Paul Westerdawg’s coverage of this has been thorough and ongoing, so much so that anything I could add would be redundant to a great extent. However, a reaction was expected, so a reaction I shall give:
1. This was the right move at the right time. The Jim Harrick fiasco has long since ceased to be an excuse and whatever progress has been made since then stopped a while back. There was no point in prolonging the inevitable, and, given Georgia’s limited hoops heritage, there was nothing to be gained and a lot to be lost in waiting to enter the market along with all the other teams that will be looking for new basketball coaches in short order.

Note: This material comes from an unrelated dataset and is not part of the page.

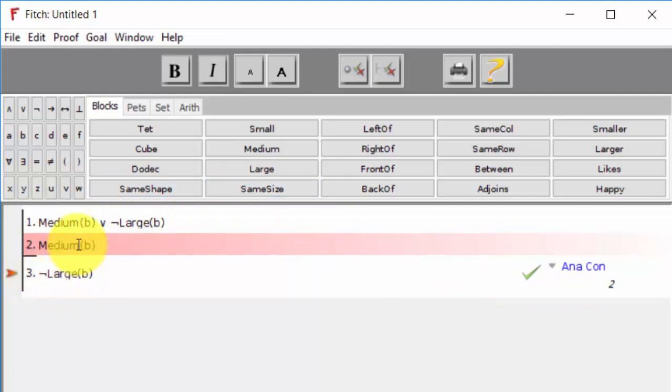And that's because analytical consequence is sensitive to the meaning of the predicates. And the analytical consequence mechanism knows that objects in Tarski's world can only be one size. And so since B is medium, there's no way for it to be large.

2. As exciting as it was, last year’s S.E.C. title run was a total fluke. As much as Coach Felton complained about having to play so many games in so few days while dangerous weather systems forced his team onto an archrival’s home court---seriously, you can’t make this stuff up---the fact is that, when the team had time to settle down, collect its thoughts, and realize what it was doing, the magical run ended after a single half in the N.C.A.A. tournament. Coach Felton’s most noteworthy achievement on the hardwood also was his least representative. It was nice and it was fun, but it was a chimera.
3. It’s time to find a bold new coach who has proven some but needs a larger stage on which to prove more. Now is not the time to promote from within or find someone with a lengthy track record; we have done both of those things in recent years, and neither worked. We need to re-learn the lesson from the best Georgia basketball coaching hire most of us can remember (Tubby Smith) and recall what our rivals to the south did to boost their own weak roundball tradition by going out and getting Billy Donovan. It’s time to bring in someone young and hungry who has done all he can do at a lower level and is ready to perform at the highest level.
I didn’t care about basketball in the slightest back when the only S.E.C. teams that cared about hoops also happened to be the ones that were no good at football. There was a coach at my high school who wore a T-shirt that read: "It is better to have wrestled and lost than to have played basketball." Change wrestling to football and you had my basic attitude . . . but, now that our rivals are serious about basketball, we have to be serious about it, too. Heck, we at least have to get our men’s basketball program to the level of our women’s basketball program. I suspect there is a ceiling on Georgia basketball, but I’m ready to be convinced that there’s at least a floor; I want the Bulldogs to be good on the court, but I need them not to be an embarrassment.